MANOKWARI, KOMPAS.com- Terkait perayaan HUT Organisasi Papua Merdeka ke-50, Kamis (1/12/2011), sejumlah sekolah di Manokwari diliburkan. Sementara itu, aktivitas perdagangan di pasar tradisional juga sepi.
Sejumlah sekolah, mulai dari SD, SMP, dan SMA, diliburkan karena khawatir situasi tidak aman selama perayaan HUT OPM tanggal 1 Desember. Selain banyak guru yang tidak datang mengajar, siswa-siswa juga banyak yang tidak berangkat sekolah. Seperti di SMPN 1 Manokwari, hanya lima guru dari 20-an guru yang masuk.
"Siswa juga banyak yang tidak masuk. Tidak sampai setengah dari 788 siswa terdaftar. Orang tua yang mengantar ada yang menunggu di luar sekolah," kata Ramlan, guru di SMPN 1 Manokwari.
Kondisi yang sama juga terlihat di SMA 1 Manokwari, siswa berkerumum di halaman sekolah karena guru-guru tidak memberikan pelajaran. Padahal gurunya masuk, meski tidak semuanya masuk sekolah. Sebenarnya, tidak ada perintah untuk libur, namun karena gurunya resah terpaksa sekolah diliburkan.
Suparno (45), orang tua salah seorang murid di SMPN 3 Manokwari mengaku was-was, tapi dia tetap mengantarkan anaknya bersekolah karena tidak ada imbauan libur. "Khawatir juga, tapi tidak ada perintah libur dari sekolah, ya saya antar saja dia ke sekolah. Padahal, saya saja tidak ngantor karena kantor tutup," kata dia.
Sementara itu, kondisi dua pasar trasidional di Manokwari, Pasar Wosi dan Pasar Sanggeng sepi aktivitas. Tidak banyak lapak dan toko yang buka dan pembeli tak banyak terlihat.
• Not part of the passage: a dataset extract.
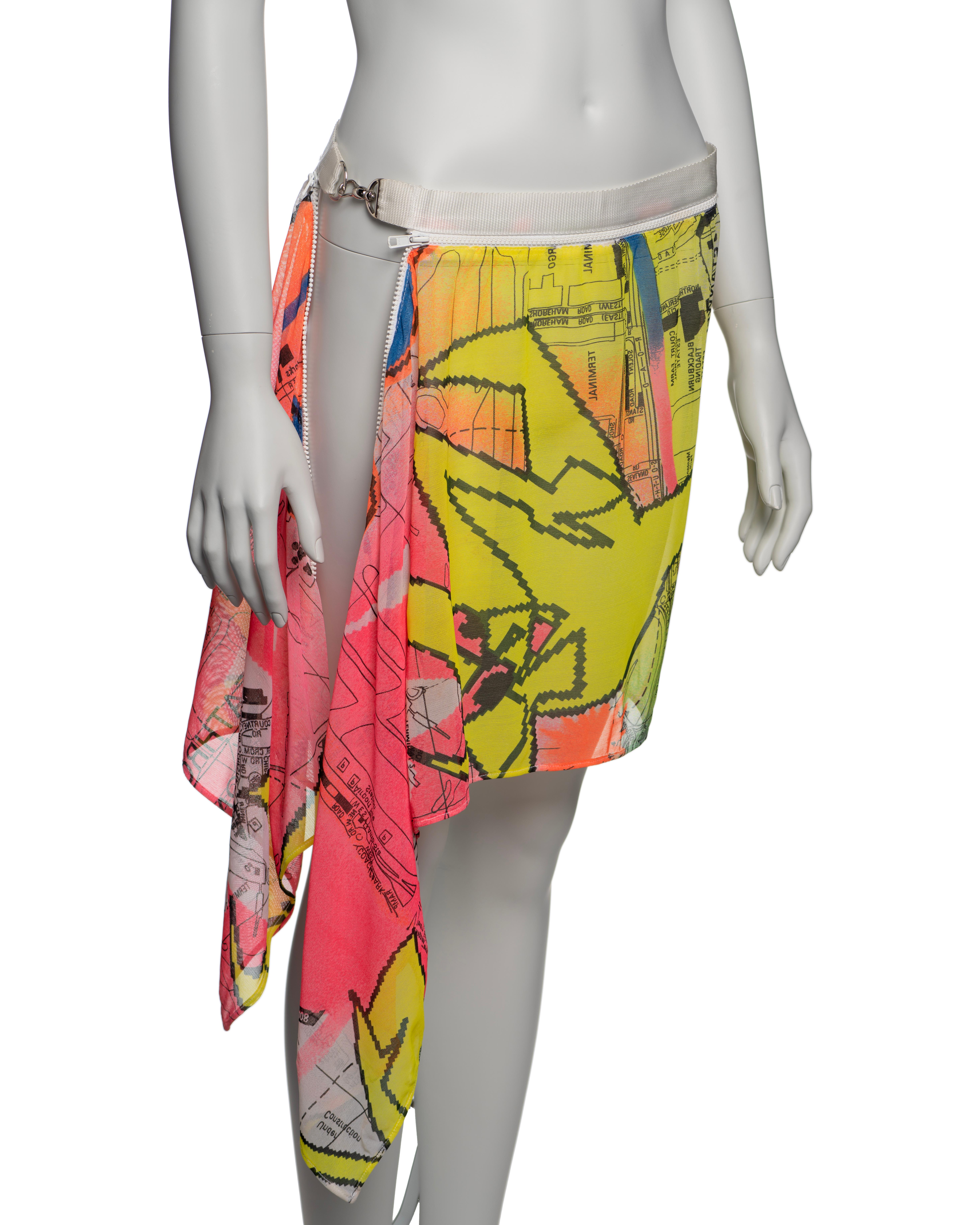 Christian Dior for Christian Dior by John Galliano Neon Map Print Mesh Zipper Skirt,  FW 2001 In condizioni ottime in vendita a London, GB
Marlina, pedagang di Pasar Wosi mengatakan, sedikit pedagang yang berjualan. Apalagi pedagang dari daerah Masni, Prafi, dan Minyambauw. "Mulai kemarin memang sudah sepi, tapi hari ini sepi sekali," kata pedagang yang mengaku tidak nyaman dengan situasi ini.
Perayaan HUT OPM akan dipusatkan di Lapangan Borasi dengan aksi doa dan orasi politik. Panitia dan massa peserta perayaan diminta tidak mengibarkan atau membentangkan bendera bintang kejora.
Kesepakatan ini telah disepakati oleh Muspida Manokwari dengan elemen masyarakat, tokoh agama, dan tokoh masyarakat.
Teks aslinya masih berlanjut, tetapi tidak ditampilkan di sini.